FIG. 6 shows another embodiment of the area of the nozzle openings in an arrangement of nozzles with negative pressure.

FIG. 7 is a schematic illustration of the field of nozzles and the run of the web achieved by means of a nozzle in accordance with the invention.

FIG. 8 is a schematic illustration of a two-sided airborne web dryer provided with nozzles with negative pressure in accordance with the invention.

FIG. 9 is a schematic sectional view along the line A through FIG. 8.

DETAILED DESCRIPTION OF THE INVENTION

Referring first to the prior art nozzles, FIG. A1 is a schematic illustration of a prior art nozzle with negative pressure. The carrier face KP of the nozzle 10 with negative pressure guides the air flow S which is discharged from the nozzle slot R of the nozzle 10. The distance between the web W and the carrier face KP of the nozzle 10 is denoted with the reference H. Between the nozzle 10 and the web W, an area of slight negative pressure is formed. This negative pressure stabilizes the web W at a certain distance from the carrier face KP, e.g. from about 5 mm to about 8 mm.

The formation of the negative pressure is a consequence of the manner of blowing the air, in which the air jet S is guided to run as parallel to the carrier face KP and to the web W. At very short distances between the nozzle 10 and the web W, a pushing force is applied to the web W. At larger distances, an attracting force H is applied as seen in FIG. A2. FIG. A2 illustrates the attracting/pushing force F applied to the web W as a function of the distance H between the nozzle and the web W. The attracting force is represented by the negative portion of the function, and the pushing force, by the positive portion.
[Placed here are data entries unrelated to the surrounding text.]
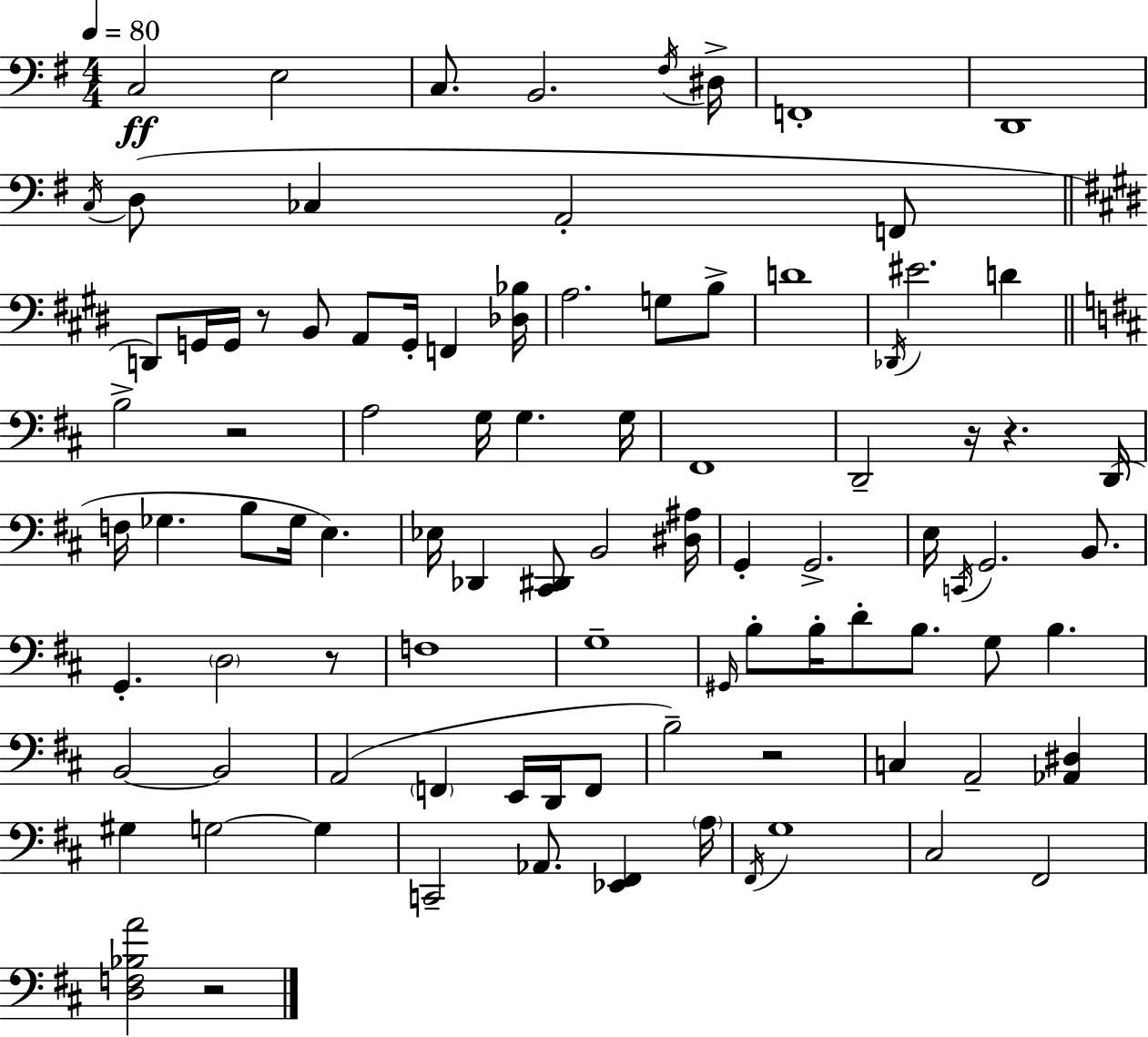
X:1
T:Untitled
M:4/4
L:1/4
K:G
C,2 E,2 C,/2 B,,2 ^F,/4 ^D,/4 F,,4 D,,4 C,/4 D,/2 _C, A,,2 F,,/2 D,,/2 G,,/4 G,,/4 z/2 B,,/2 A,,/2 G,,/4 F,, [_D,_B,]/4 A,2 G,/2 B,/2 D4 _D,,/4 ^E2 D B,2 z2 A,2 G,/4 G, G,/4 ^F,,4 D,,2 z/4 z D,,/4 F,/4 _G, B,/2 _G,/4 E, _E,/4 _D,, [^C,,^D,,]/2 B,,2 [^D,^A,]/4 G,, G,,2 E,/4 C,,/4 G,,2 B,,/2 G,, D,2 z/2 F,4 G,4 ^G,,/4 B,/2 B,/4 D/2 B,/2 G,/2 B, B,,2 B,,2 A,,2 F,, E,,/4 D,,/4 F,,/2 B,2 z2 C, A,,2 [_A,,^D,] ^G, G,2 G, C,,2 _A,,/2 [_E,,^F,,] A,/4 ^F,,/4 G,4 ^C,2 ^F,,2 [D,F,_B,A]2 z2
As shown in FIG. A1, based on the Coanda effect the flow S is discharged from the nozzle slot R and follows the curved guide face A on the sector φ. The sector φ varies within the range of about 45 to about 70. The flow is separated from the curved guide face A if the velocity vector v of the flow has a remarkably large velocity component vp perpendicular to the web W (not shown in the figure). If the angle φ is larger than 45, the velocity component vs parallel to the web W of the flow is larger than the velocity component vp perpendicular to the web.

FIG. B1 is a schematic illustration of a prior art invention of a nozzle with positive pressure. FIG. B2 is an illustration of the force F produced by such a prior art nozzle and applied to the web W, as a function of the distance H between the web W and the carrier face KP of the nozzle. In the nozzle 20 with positive pressure, an area with positive pressure is formed between the web W and the carrier face KP of the nozzle 20. This positive pressure area attempts to push the web W away from the nozzle 20. Therefore, nozzles 20 with positive pressure must be placed at both sides of the web W, such that the pushing forces compensate for each other and the web W runs approximately in the middle. In a nozzle 20 with positive pressure, the force applied to the web is at all distances higher than 0, as can be seen in FIG. B2, i.e. a pushing force is applied to the web W.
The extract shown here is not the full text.